Marsh and her husband, Earl Thompson, also a retired minister, drove over from Givens Estate to join the peaceful procession on a brisk winter’s day under blue skies.
Thompson said he would like to see the city of Asheville take an official stand as a sanctuary city, even while Republican lawmakers in Raleigh introduced a bill last week that would ban municipalities from taking such actions.
“It’s a question of morality,” Thompson said.
The event encompassed more concerns than just Hispanic families. Marchers carried colorful posters depicting black and brown faces as well as a woman in a Muslim hijab. “We All Belong Here. We Will Defend Each Other,” the posters stated.
Basem Alkahlani carried his own hand-lettered placard: “My Family is not Evil, Mr. Trump!”
A Yemeni who has lived in Asheville the past two years, Alkahani, who has a green card, had been trying to get visas for his wife and daughter to join him, but they have been delayed by Trump’s executive orders that would temporarily ban travel from Yemen and other Muslim-majority countries.
Alkahlani had been invited by Christian friends to join the march in support of other immigrants.
The march culminated at the Unitarian-Universalist Congregation of Asheville on Edwin Place, where more than 200 Sanctuary supporters filled the pews.
“President Trump’s executive order on enforcement rounds up immigrants, splits apart families, and deports contributing members of our community. As they step back into the shadows, we step up and speak out in solidarity,” Hendler-Voss told the crowd.
The declaration was read in Spanish and English by local clergy. Supporters said they will urge ICE agents to treat potential deportees with “dignity and respect, and not as criminals.”
They will also urge local cities and law enforcement agencies “to focus on keeping our communities safe, not on assisting ICE efforts to deport peaceable residents,” the declaration stated.
Miran Porrus of Nuestro Centro, a Hispanic community center in Hendersonville, accepted the sanctuary declaration with a fiery attack on U.S. government policies toward the estimated 11 million undocumented immigrants, many of whom came from Mexico and Central America, fleeing violence and seeking better lives for their families.
“The irony is that it is to the advantage of this country to have cheap labor of the immigrants, who under deceptive trade agreements like NAFTA, have had their own lands ravished,” Porrus said.
Such policies do nothing but “criminalize poverty,” she added.
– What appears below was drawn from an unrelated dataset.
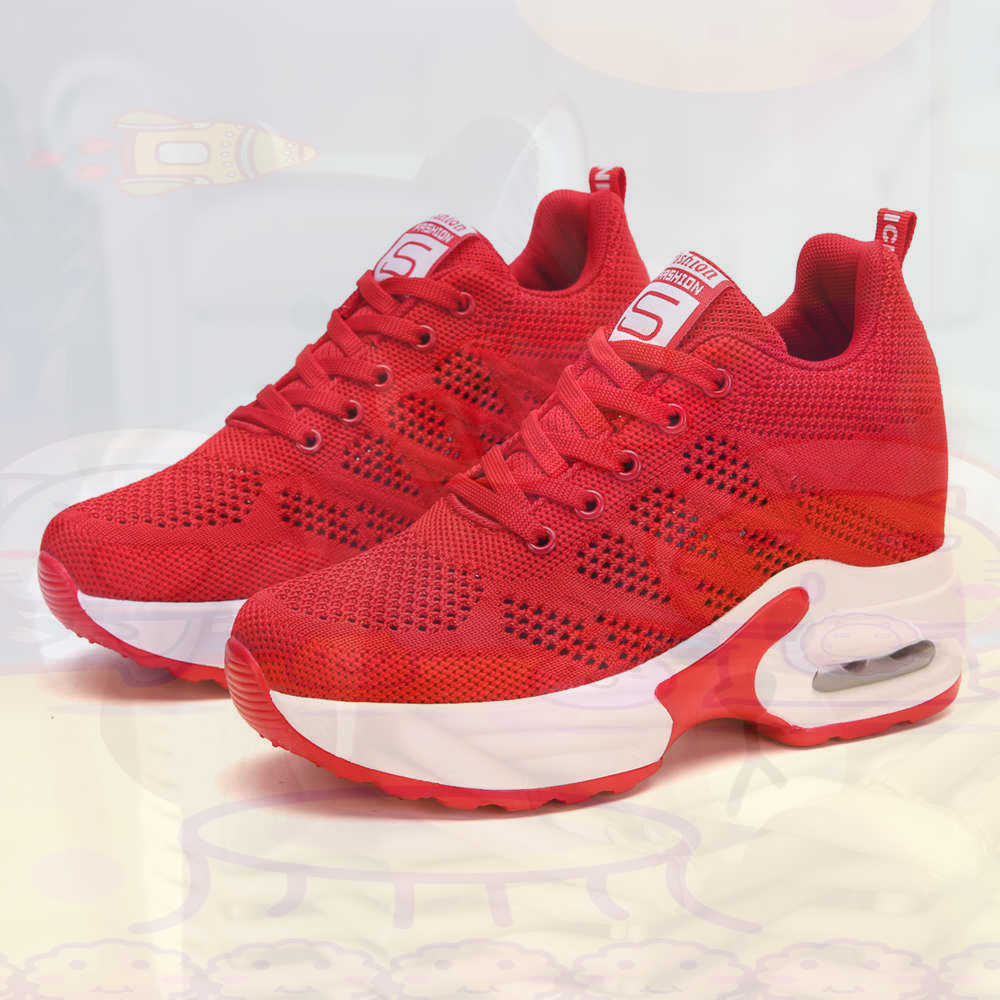 Red Size 36 Shoes Woman Tennis - Streetwear Outdoor Brand review and price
North Carolina was home to some 350,000 undocumented immigrants in 2014, according to the Pew Hispanic Center.
“Our declaration of solidarity means standing with black and brown bodies in the places where they suffer,” Hendler-Voss said. The sanctuary movement also means speaking out against policing that indiscriminately targets minorities, as well as pointing out disparities in housing, health and education that privilege white majorities, she said.
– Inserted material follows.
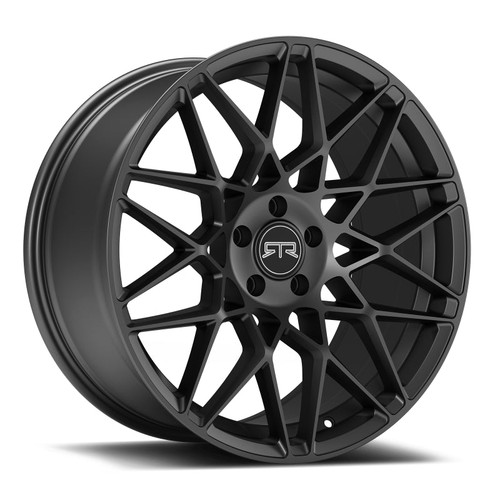 Main image for Method RTR Tech Mesh 19x9.5 +33mm Offset 5x114.3 70.5mm CB - Satin Charcoal Wheel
Clergy want to continue conversations with local officials and law enforcement on those issues.
Organizers said they did not know of any immigrants currently seeking local sanctuary, but “we want to be prepared,” said Aland Ramirez of CIMA, Companeros Immigrants de las Mountainas en Accion.
Sanctuary providers would receive a call from CIMA, saying, “We have a family who we are afraid will be split apart by deportation. Can they come and safely stay in your sanctuary?” said Hendler-Voss. “We would invite them in, provide around-the-clock companionship. We would take on responsibility taking their children to school. We would provide good food and warm fellowship.”
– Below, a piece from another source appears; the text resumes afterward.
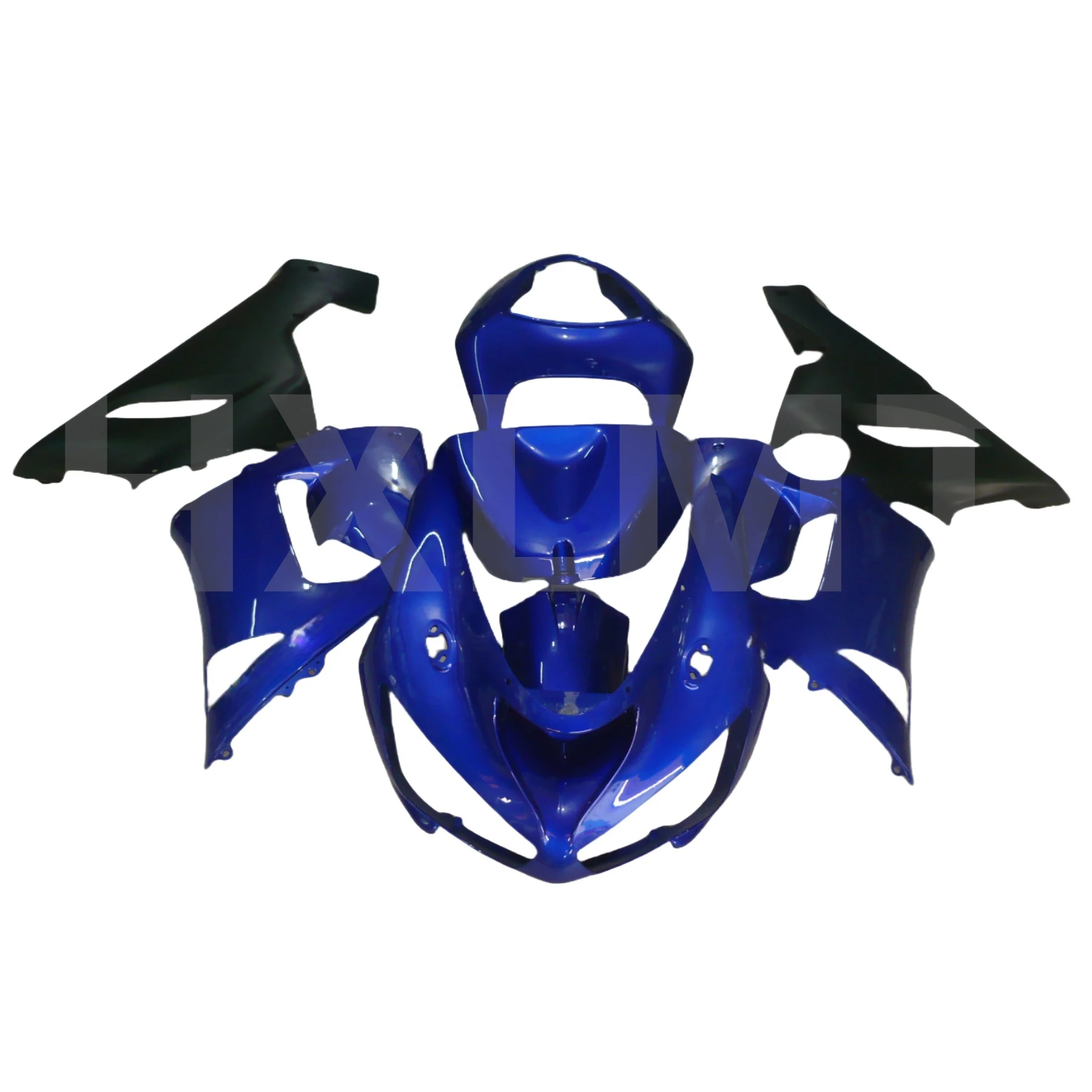 Hot sale Fairings for motorcycle KAWASAKI ZX6R 2005 2006 ninja 636 05 06 bodywork fairing kits - Image 2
Land of Sky would provide two- to three-day sanctuary until other safe places could be found to provide indefinite stays.
Organizers expect their fight to continue beyond a petition drive and a peace march.
“Until our nation finds the political will to enact justice, a just comprehensive immigration reform, we are prepared to act,” Hendler-Voss said. “We will not be deterred from safeguarding the least of these in God’s house. We will love our neighbors as if they were our own families, our own children, our very selves.”